- [WORK TO BE COMPLETED]
Exactly as they stand, the data below are to be printed again.

[Items from a data source]

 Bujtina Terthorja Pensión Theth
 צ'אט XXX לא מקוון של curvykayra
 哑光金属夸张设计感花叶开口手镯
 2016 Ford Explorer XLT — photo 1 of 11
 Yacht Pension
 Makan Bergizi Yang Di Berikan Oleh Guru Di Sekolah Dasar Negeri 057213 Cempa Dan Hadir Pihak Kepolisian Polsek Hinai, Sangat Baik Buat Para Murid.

- [RESPONSE TO THE TASK]
 Bujtina Terthorja Pensión Theth
 צ'אט XXX לא מקוון של curvykayra
 哑光金属夸张设计感花叶开口手镯
 2016 Ford Explorer XLT — photo 1 of 11
 Yacht Pension
 Makan Bergizi Yang Di Berikan Oleh Guru Di Sekolah Dasar Negeri 057213 Cempa Dan Hadir Pihak Kepolisian Polsek Hinai, Sangat Baik Buat Para Murid.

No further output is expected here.